PROBLEM TO SOLVE:
Beneath this task is a listing; tally its lines that contain "bedroom" and give only the total.

DATA FOR ANALYSIS section start

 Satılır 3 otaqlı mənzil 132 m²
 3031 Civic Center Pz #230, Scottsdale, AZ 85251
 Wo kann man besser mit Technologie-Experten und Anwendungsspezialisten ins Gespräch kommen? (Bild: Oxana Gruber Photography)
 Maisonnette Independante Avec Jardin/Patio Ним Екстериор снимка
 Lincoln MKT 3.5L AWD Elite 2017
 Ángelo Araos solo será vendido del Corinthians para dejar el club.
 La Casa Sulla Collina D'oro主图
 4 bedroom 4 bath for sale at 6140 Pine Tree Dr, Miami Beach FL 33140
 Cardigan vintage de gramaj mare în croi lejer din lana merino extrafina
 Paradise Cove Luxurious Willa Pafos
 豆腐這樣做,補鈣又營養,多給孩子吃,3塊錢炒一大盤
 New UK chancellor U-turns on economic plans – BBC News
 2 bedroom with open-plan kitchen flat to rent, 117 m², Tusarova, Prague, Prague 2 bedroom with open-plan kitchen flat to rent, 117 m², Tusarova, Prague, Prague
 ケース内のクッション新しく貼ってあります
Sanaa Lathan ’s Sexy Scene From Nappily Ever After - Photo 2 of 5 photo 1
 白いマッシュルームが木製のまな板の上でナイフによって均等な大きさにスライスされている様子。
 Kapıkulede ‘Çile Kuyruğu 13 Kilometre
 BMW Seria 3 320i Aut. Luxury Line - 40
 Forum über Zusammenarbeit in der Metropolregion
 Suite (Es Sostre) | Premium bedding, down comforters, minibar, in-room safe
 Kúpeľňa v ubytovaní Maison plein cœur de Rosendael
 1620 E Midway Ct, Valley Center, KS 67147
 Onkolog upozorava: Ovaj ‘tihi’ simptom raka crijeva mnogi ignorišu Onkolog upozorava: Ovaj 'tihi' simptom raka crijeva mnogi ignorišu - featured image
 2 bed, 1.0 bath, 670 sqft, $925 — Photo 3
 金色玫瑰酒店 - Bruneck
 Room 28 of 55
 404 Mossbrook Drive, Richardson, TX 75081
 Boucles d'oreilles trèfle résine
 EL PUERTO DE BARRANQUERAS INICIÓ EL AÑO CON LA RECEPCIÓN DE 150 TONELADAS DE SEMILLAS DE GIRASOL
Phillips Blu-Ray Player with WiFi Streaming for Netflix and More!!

DATA FOR ANALYSIS section end

RESULT OF THIS TASK:
2